Arrendamento de devolutos nunca será solução de larga escala, defende ministra da Habitação

  • Lusa
  • 8 Junho 2023

250 municípios estão a apostar em estratégias locais de habitação. Ministra Marina Gonçalves pondera linha bonificada para cooperativas e conta com transição de casas do alojamento local.

O arrendamento forçado de casas devolutas nunca será uma solução que responda em larga escala ao problema da habitação, reconhece a ministra Marina Gonçalves, mostrando abertura para discutir instrumentos que permitam mobilizar este património com maior assertividade.

Lembrando que a figura do arrendamento forçado para habitações devolutas já existe na lei, a ministra da Habitação, refere, em entrevista à Lusa, que o objetivo da proposta do Governo é tornar este instrumento eficaz.

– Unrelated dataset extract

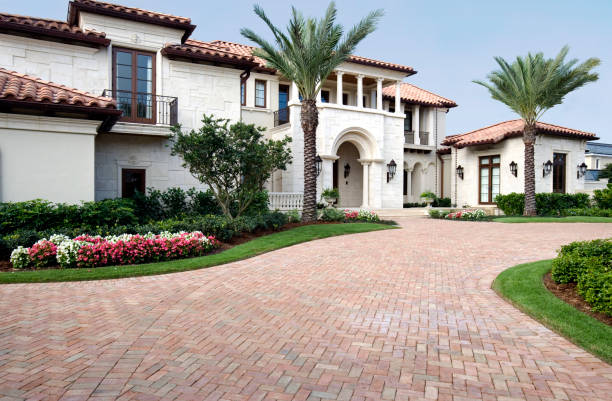 Best Driveway Pavers Near Me  in Bazon, CA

“Temos de realmente tornar estes instrumentos eficazes na dimensão que eles têm” e ver em que medida respondem, disse a ministra, reconhecendo que este “não é um instrumento em si que vai resolver a política habitacional, nunca será um instrumento que responda em larga escala”, ainda que possa ser muito útil.

“Aquilo que nós estamos aqui a fazer é acrescentar um instrumento para os municípios, na definição de estratégias, onde muitos destes municípios, estes em concreto [Lisboa e Porto], dizem ter carências habitacionais, têm carências habitacionais e estão a trabalhar para resolver essas carências”, referiu a ministra quando questionada sobre o facto de as autarquias de Lisboa e do Porto já terem dito que não pretendem fazer uso do arrendamento forçado.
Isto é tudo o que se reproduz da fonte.